We said goodbye to her on the floor of one of the rooms, with her lying on a blanket looking just as calm and collected as normal, except for her labored breathing. I lay on the cold tiles next to her, and Bryce and I petted her and told her stories about all the things we’d done together and about how much I loved her. We were both talking in whispers around the tears, and we used up so many tissues. Our parents were out in the hallway talking to the doctor. Eventually they came back in and we all were there for a while, petting her and talking, telling her that we loved her so much and we’d miss her. Then we had to leave and Dad drove me and Bryce home. We were all so broken up, but Dad told stories about his pets when he was a kid, and we could all forget what was going on, a little.

It still doesn’t feel real. I can’t quite wrap my head around the fact that she’s gone. This is the first time I’ve ever lost somebody I care about, and I don’t know what to do. So far I’ve avoided thinking about it because when I do I start crying. If I don’t think about it too hard it seems like she’s just away at somebody else’s house, like she sometimes is when we’ve just come back from a vacation and haven’t picked her up yet. I can’t just forget, though, and even wanting to makes me feel guilty. I don’t want to cry but I feel bad that I’m not crying, like I’m betraying her. Because she’s gone, and I’m never going to hear her tags jingling when I come in the door again, and I’m never going to see her ears blow back as she stands on top of a mountain, and I’m never going to laugh when she does something silly because she’s not here to make me laugh. I don’t know what to do with that. I just don’t know and I’m crying as I write this because she’s gone. She’s gone and she’s not coming back.

Scar Stories

I have a bunch of scars, because I’ve always been a bit of a crazy outdoors person. I’m not as bad as my dad or brother – I don’t climb trees and swing between branches on ropes (most of the time), but by most people’s standards I’m pretty outdoorsy. I’ve been hiking, camping, skiing, swimming, climbing, and canoeing since before I can remember. Both of my parents are really into nature, and they raised me to love and respect the world around me. It’s part of why I’m often more comfortable in outdoor settings – I feel more alive when I’m breathing fresh air and moving. It clears out the fog and lets my brain focus. Anyway, all that time outside has been accompanied by a lot of falls, as my coordination is not always the best. Those have, over time, led to many small and unidentifiable scars all over me. There are some scars, however, that have stories, and as I love to tell stories that’s what I’m going to do here.

Let’s start with the summer of stitches. When I was 11 my family went on a cruise to Alaska, stopping in Vancouver on the way it see my grandpa’s brother. It was a fun trip, and we got to do and see a lot. Unfortunately, on our first day out of port I went swimming in the pool while my parents were doing yoga. I didn’t have goggles, and it was a saltwater pool, so I swam with my eyes closed. I hit the wall a few times, but mostly I was alright. Then on one dive, I pushed up from the bottom and whacked my head on the ladder.
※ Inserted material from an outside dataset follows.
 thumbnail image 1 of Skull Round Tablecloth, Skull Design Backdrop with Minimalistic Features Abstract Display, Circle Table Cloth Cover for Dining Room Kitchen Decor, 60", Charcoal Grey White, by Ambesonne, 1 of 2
I shook it off, but it had finally occurred to me that perhaps I was hitting the side too much and that I might need a break. I got out of the water and was confronted with the horrified faces of my grandparents as they asked me loudly why I was bleeding. I was confused. Bleeding? It turns out I had hit my head on a loose screw or some such on the ladder. My head was bleeding rather a lot. My grandparents took me and my brother to our room and applied neosporin to the wound, but they didn’t put on a band aid because it was in my hair. When my parents got back the adults consulted about what to do, and decided that, hair or not, I needed a band aid. We didn’t have any with us, though, so we went down to the medical deck to ask for some. The people on the medical deck took one look at me and declared that I needed stitches. I held my dad’s hand the whole time, trying not to panic, and when it was over I was told I couldn’t get my head wet and to come back at the end of the cruise to have the stitches removed. I spent the rest of the cruise firmly above the water, which, although it didn’t ruin the vacation, was extremely frustrating. That wound never actually scarred (apparently cruise ships have very good doctors) but I’m still telling it here because it should have. I felt rather cheated when it didn’t.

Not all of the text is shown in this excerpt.